Computer Vision on ARM i.MX6 using OpenCV and OpenGL ES Shaders

I have been exploring the computer vision capabilities of the NXP i.MX6 ARM SoC with the goal of incorporating camera video and motion sensing features into the Lightwing Multimedia UI Engine. Lightwing could benefit tremendously from the addition of these features. But, the documentation that is available for building computer vision applications on this platform is really limited and out of date, so perhaps some of my lessons learned will be useful for other projects as well.

The NXP i.MX6 System on Chip has impressive computer vision capabilities, including a high-speed MIPI camera interface and GPU and IPU accelerators that can enhance solutions built with or without OpenCV. MIPI is a camera interface that is optimized for high speed, low power and low cost using a short flex cable that connects directly to the i.MX6. It has advantages due to avoiding the complexity of JPEG coding, USB cables and UVC.

Computer Vision Features of the NXP i.MX6 SoC

OpenCV is the most widely used open source library for computer vision applications like motion sensing and object recognition and it is supported on a wide range of platforms.
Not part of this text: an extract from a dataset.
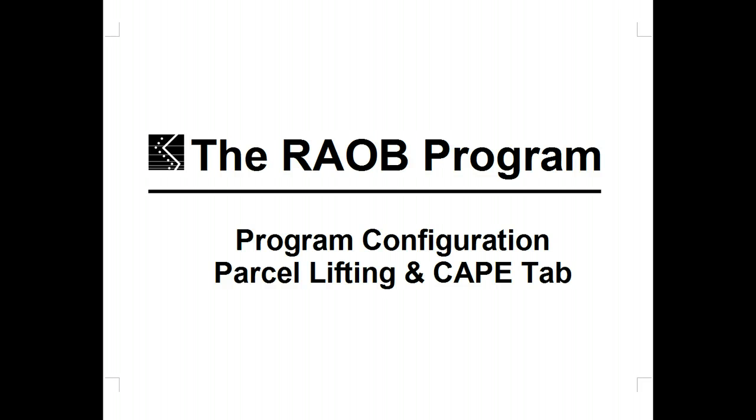Welcome to the Rayob Program's Configuration Options, Parcel Lifting, and CAPE tab.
Many implementations of its VideoCapture class are provided for different platforms and camera types. But, several additional components are required for it to work on Linux platforms with a MIPI camera, mainly due to differences in the pixel format from the camera. OpenCV requires video frames to be in BGR24 format, but cameras typically produce video frames in a YUV format. So, some additional components are required to do this color space conversion of the pixel data.

The following diagram illustrates the major components of a computer vision system on Linux on the i.MX6 platform and how video flows between them. Two architectures are shown, one using GStreamer and the other using OpenGL ES.
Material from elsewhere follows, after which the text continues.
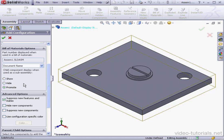Let's scroll down to the next section, Advanced Options. In Advanced Options, we specify what happens in this configuration if we're making changes to another configuration. We've got a few options here: Suppress new features and mates, Hide new components, Suppress new components, and Use configuration-specific color.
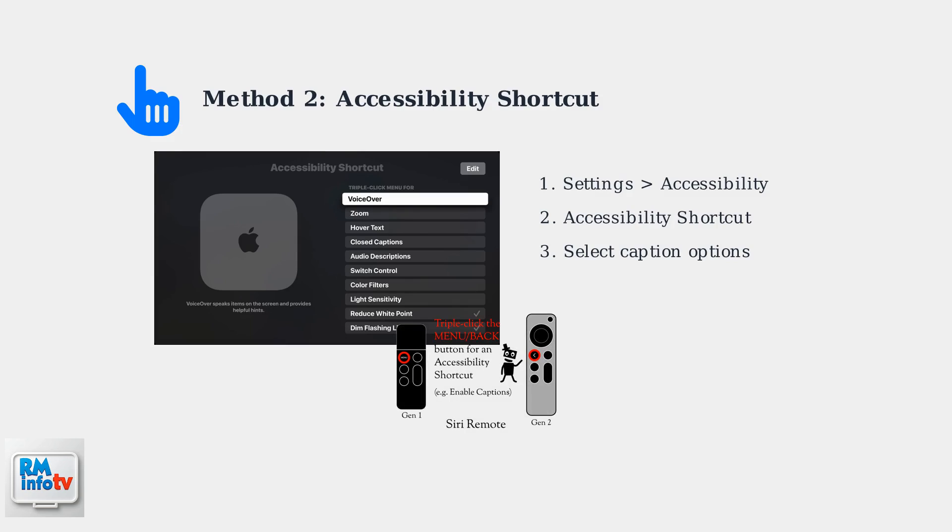Once configured, simply triple-click the menu button on first-generation remotes or the back button on newer remotes to access your accessibility shortcuts, including caption controls.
Components of a Computer Vision System on the NXP i.MX6

The typical solution is to use GStreamer, which has plugins for the NXP IPU, to do the required color space conversion. The IPU is NXP’s Image Processing Unit which also has video scaling features. However, the IPU is limited to a maximum video size of 1024 x 768 pixels. The GStreamer approach is complicated because of all the components required in the video path, but OpenCV’s VideoCapture class already has support for GStreamer. In testing this, I found that the GStreamer support is actually quite buggy and difficult to get working on this platform. So, I have explored another approach which has some major advantages.

The other approach is to eliminate the GStreamer component, along with its plugins, and instead use the GPU to convert the video. This requires OpenGL ES 2.0, which is the API that Lightwing is built on. The GPU has the advantage that many custom video processing filters and effects can be implemented in its GLSL shader language, as well as color space conversion and even motion sensing computer vision algorithms. So, this approach could potentially even avoid the need for OpenCV.

I have implemented the edge-detection algorithms on camera video two different ways. The first approach, was to use OpenCV’s Canny function in C, along with its VideoCapture class. In this case, the IPU is doing the color space conversion to BGR24 format, but that is not shown here because it is performed in the layers below OpenCV.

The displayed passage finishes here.